Sometimes you may have a reason to deploy certain code. This normally involves something like the following: you copy some files to a certain server somewhere, and perhaps restart a server. This is all well known territory, but due to the vagaries of SSH, automating it can often be a pain. There are existing tools for this, Fabric and Capistrano, that are fairly well known but -- it seems to me -- underused. Anyway, they're certainly far from standard, and particularly with regard to Fabric (which I like and use on a near-daily basis, I should point out) they can be tricky to get installed and configured in their own right.
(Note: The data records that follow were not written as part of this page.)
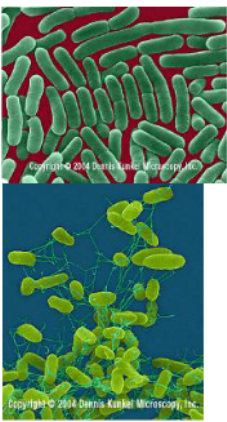 <p><strong>Salmonellosis</strong></p><p>Causative agent <strong><mark data-color="purple" style="background-color: purple; color: inherit;">[__]</mark></strong>: <mark data-color="yellow" style="background-color: yellow; color: inherit;">motile, Gram-negative rods</mark></p><p><mark data-color="#f4eeee" style="background-color: rgb(244, 238, 238); color: inherit;">high infectious dose</mark> due to its high sensitivity to stomach acid</p>
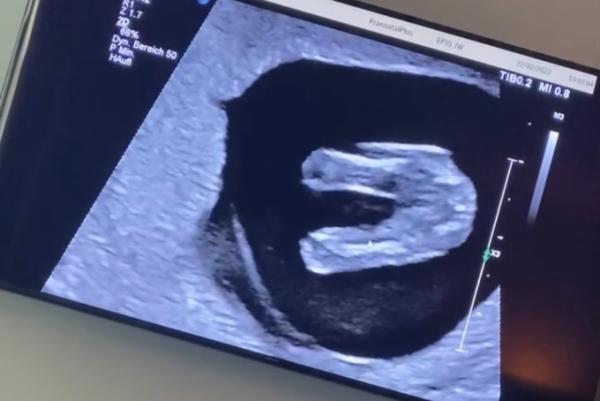 Bild zu Was meint ihr? 💙 Oder 💗 - Forum für September - Mamis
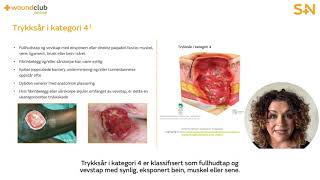 Wound Club Online / modul 7: Trykksår (5 minutter)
I devised this simple, perhaps even simplistic, plan to handle deployments.

  1. Create a UNIX user that will be used for deployments. For this article we'll refer to this user as dply, although the name is immaterial. This user must exist on the hosts that are the target of the deployments.

  2. Distribute SSH keys to the hosts that need to initiate deployments. This will often be a worker node in a CI system but people may also manually initiate deployments.

  3. Each deployment target receives an appropriate sudoers file that allows them to execute one command (and one only): the deployment processor, with the NOPASSWD specifier.

  4. The deployment user dply can write to a mode 700 directory that is used to receive deployment artifacts. Artifacts are written by a simple scp process to this directory, /home/dply or whatever you like.

  5. The deployment processor script, which is distributed identically to all the nodes and lives in /usr/local/bin, knows about all existing deployments, which are hardcoded with plaintext aliases like main-site, backend, etc, and knows to look for the artifacts in /home/dply or whatever.

  6. Nodes simply scp up the deployment archive, ssh to the relevant server and invoke sudo /usr/local/bin/deployment-processor backend. The processor then looks for the files in a hardcoded location and does whatever's needed to actually deploy them. Concretely in this case every handler is just a function in Perl which can then do many tasks. The key is that it doesn't get any input from the user, thus mitigating some security issues. It's easy to do the various things you may need to do, untar an archive, perhaps chmod some files, restart a service, etc.

It's secure in some senses, but not in others. There's no access isolation between nodes so any node can deploy any code. Once a CI worker node is assumed penetrated, a malicious user can indeed wipe out a production site, but they can't do damage to existing servers. (for whatever that's worth...)

It should be noted that no consensus exists around solutions in this space. It has some virtues over Fabric and probably Capistrano to, by being markedly less complicated, because it only relies on the presence of ssh and scp on the client boxes, which are near-universal. If you wanted to formalize it you could develop cross-platform deployment client binaries in Go or something similar, but I haven't found this necessary. Anecdotally I've had many unpleasant problems with fabric, although it remains a very useful piece of software.

I don't like to deploy with Git because I don't see Git as something that's related to deployments, Git is related to source code history which is distinct from something that I might consider a "release artifact". FWIW release artifacts are also built using a separate processing step, which (for me) is often just a "narrowing" of the file tree according to a set of rsync patterns and tarring up this narrowed tree.

Heroku also have an approach that involves creating "slugs" and "releases" where each release corresponds to a deployment, and "to create a release" is synonymous with "to deploy". This is much more featureful than the above approach but it's over-engineered for this case.

There's also WAR deployment which is interesting but specific to a rather small area of Java development. If you're a Java-only shop, this can probably be nice.

Something that was also on my radar in my department is the Perl-based Rex, which I never got the chance to investigate.